Chloé qualifie son album d’organique, de sauvage et de viscéral. Quant aux critiques, ils ont encensé Je sais que tu sais à sa sortie. Valérie Lessard du journal Le Droit lui a accordé cinq étoiles et a affirmé que Cet album, c’est plus qu’un grand disque qui nous chavire, c’est l’œuvre sublime d’une artiste à la sensibilité vive
.
Abondance de talent
Chloé Sainte-Marie est en ce moment une chanteuse accomplie, mais c’est le cinéma qui la fait d’abord connaître. Pendant des années, elle sera en quelque sorte la muse de Gilles Carle, assurant un rôle dans plusieurs de ses films. Peu à peu, certains de ses projets cinématographiques la mettent sur la piste de la musique. À quelques reprises, elle aura l’occasion de jouer dans un film en plus de chanter sur la bande sonore. Elle finit par y prendre goût et décide de s’aventurer davantage sur le terrain musical en lançant son premier disque, L’emploi de mon temps.
Chaque fois salués par la critique, les disques qu’elle lancera par la suite sont toujours animés de la même force et reflètent le caractère unique de la chanteuse.

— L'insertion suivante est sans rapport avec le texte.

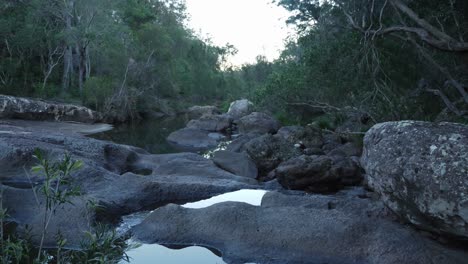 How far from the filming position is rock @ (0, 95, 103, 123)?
2681 cm

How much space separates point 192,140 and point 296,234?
57.4 feet

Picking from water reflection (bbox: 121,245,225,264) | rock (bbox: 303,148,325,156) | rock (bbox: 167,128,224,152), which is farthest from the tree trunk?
water reflection (bbox: 121,245,225,264)

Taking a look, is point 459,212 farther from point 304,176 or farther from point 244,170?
point 244,170

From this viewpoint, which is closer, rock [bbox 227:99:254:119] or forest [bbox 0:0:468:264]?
forest [bbox 0:0:468:264]

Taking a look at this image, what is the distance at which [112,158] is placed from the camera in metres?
14.9

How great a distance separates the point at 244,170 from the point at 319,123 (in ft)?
31.8

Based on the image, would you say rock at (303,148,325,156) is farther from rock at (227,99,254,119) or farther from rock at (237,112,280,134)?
rock at (227,99,254,119)

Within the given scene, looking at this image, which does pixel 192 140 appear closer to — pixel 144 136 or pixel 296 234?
pixel 144 136

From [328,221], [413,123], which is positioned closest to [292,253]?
[328,221]

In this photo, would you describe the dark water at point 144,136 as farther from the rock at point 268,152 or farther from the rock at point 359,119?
the rock at point 359,119

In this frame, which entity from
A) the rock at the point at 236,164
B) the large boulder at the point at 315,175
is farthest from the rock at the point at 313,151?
the large boulder at the point at 315,175

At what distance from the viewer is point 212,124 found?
100ft

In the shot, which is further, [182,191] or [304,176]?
[304,176]

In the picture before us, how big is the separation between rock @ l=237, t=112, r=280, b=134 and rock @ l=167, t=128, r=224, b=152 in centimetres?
209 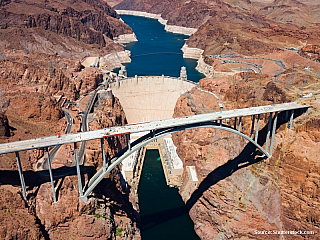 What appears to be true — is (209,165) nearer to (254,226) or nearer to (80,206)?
(254,226)

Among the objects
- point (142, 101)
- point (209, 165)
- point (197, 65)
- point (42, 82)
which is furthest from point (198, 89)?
point (197, 65)

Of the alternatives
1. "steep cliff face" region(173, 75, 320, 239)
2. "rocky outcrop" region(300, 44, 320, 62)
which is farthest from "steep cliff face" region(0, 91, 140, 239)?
"rocky outcrop" region(300, 44, 320, 62)

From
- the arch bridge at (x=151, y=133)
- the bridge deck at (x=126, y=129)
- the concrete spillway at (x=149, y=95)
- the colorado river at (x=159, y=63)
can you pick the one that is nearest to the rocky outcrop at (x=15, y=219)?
the arch bridge at (x=151, y=133)

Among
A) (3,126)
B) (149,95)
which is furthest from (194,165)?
(3,126)

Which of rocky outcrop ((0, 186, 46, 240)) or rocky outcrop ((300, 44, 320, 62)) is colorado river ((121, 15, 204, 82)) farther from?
→ rocky outcrop ((0, 186, 46, 240))

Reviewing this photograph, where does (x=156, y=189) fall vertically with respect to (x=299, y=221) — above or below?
below

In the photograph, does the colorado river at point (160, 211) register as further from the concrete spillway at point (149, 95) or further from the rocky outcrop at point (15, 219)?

C’est d’ailleurs peu surprenant qu’elle ait déjà remporté le Félix dans la catégorie «Album de l’année» pour son opus Je marche à toi.
En 2009, on lui remet le prix «Artiste pour la paix» pour le message d’harmonie et d’égalité entre les peuples que symbolise son album chanté dans la langage des Montagnais du Nord.
La série de spectacles qui débute représente pour elle sa plus ambitieuse tournée jusqu’à maintenant, puisqu’elle s’étendra sur quelques années et se transportera en France et en Suisse.